Where in Cyprus? 500 euros should be more than enough in most places for upto a 2 bedroom.

kimonas, where in the UK? for 500 euros a month you might be able to find a hole in London to stay in.


----------



## Veronica (Apr 5, 2008)

500 euros would certainly be enough for a very nice 2 bedroom apartment or maybe even a townhouse in the Paphos area and the East coast. You would struggle in Limassol though.
As for other costs, a couple could have a nice life here for 15K per year providing you are not heavy smokers or drinkers. 
Of course if you want to go out for meals several times a week then you would need more but if you live as you would in the UK, cooking at home, shopping locally, not getting too obsessive about Uk branded products you would be ok on that.

Veronica


----------



## dojoman43 (Jan 12, 2011)

Hi, and thank you all for you replies, I really appreciate them. Presently my pension is just under £25000, neither of us smoke but we both like a glass of wine. We are looking at the east coast area but not we would be open to suggestions if the right property came along. We had planned to move in a couple of years but have decided to bring it forward for various reasons, hence all the questions


----------



## Veronica (Apr 5, 2008)

dojoman43 said:


> Hi, and thank you all for you replies, I really appreciate them. Presently my pension is just under £25000, neither of us smoke but we both like a glass of wine. We are looking at the east coast area but not we would be open to suggestions if the right property came along. We had planned to move in a couple of years but have decided to bring it forward for various reasons, hence all the questions


Hi dojoman. Have you been to Cyprus before? Why are you looking at the East Coast?
Personally I don't like the East Coast as it is not as attractive as the West coast.
The Paphos area is much greener, less touristy and unlike the east coast where a lot of places close down for four months in the winter, most places on the West coast are open all year round.


----------



## dojoman43 (Jan 12, 2011)

Hi Veronica, yes we have been quite a few times but have always stayed on the east coast, like I said we are not restricted to that area and will look at other areas if the properties are available, thanks for your reply,


John


----------



## Veronica (Apr 5, 2008)

dojoman43 said:


> Hi Veronica, yes we have been quite a few times but have always stayed on the east coast, like I said we are not restricted to that area and will look at other areas if the properties are available, thanks for your reply,
> 
> 
> John


I would recommend that you spend sometime getting to know other areas before deciding where to settle. It may be that you decide that the East coast is still where you want to be but if you havn't been to other areas you may later regret it if you find when you get out and about that there are areas of the island you like better.
No matter where you decide I am sure that there will be plenty of properties to choose from. Getting the area right is far more important.


----------



## Geraldine (Jan 3, 2009)

Veronica said:


> I would recommend that you spend sometime getting to know other areas before deciding where to settle. It may be that you decide that the East coast is still where you want to be but if you havn't been to other areas you may later regret it if you find when you get out and about that there are areas of the island you like better.
> No matter where you decide I am sure that there will be plenty of properties to choose from. Getting the area right is far more important.

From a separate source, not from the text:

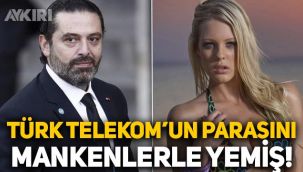 Saad Hariri, Türk Telekom’un parasını bikini mankeniyle yemiş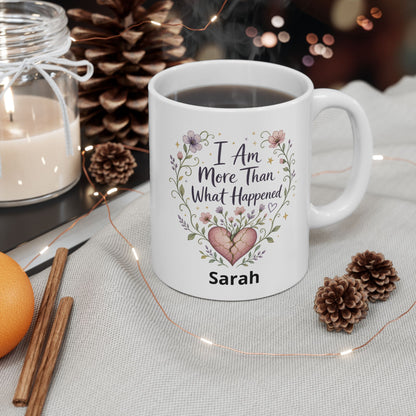 I Am More Than What Happened Survivor Mug | Ceramic 11oz 15oz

Hi, we holidayed on the East coast for a few years before visiting the West, and much prefer this side of the island. Last year I made a journey over the the East again and couldn't wait to get back home, much greener and scenic in my opinion, but obviously personal choice.


----------



## Monty (Jun 9, 2008)

*west coast*



Geraldine said:


> Hi, we holidayed on the East coast for a few years before visiting the West, and much prefer this side of the island. Last year I made a journey over the the East again and couldn't wait to get back home, much greener and scenic in my opinion, but obviously personal choice.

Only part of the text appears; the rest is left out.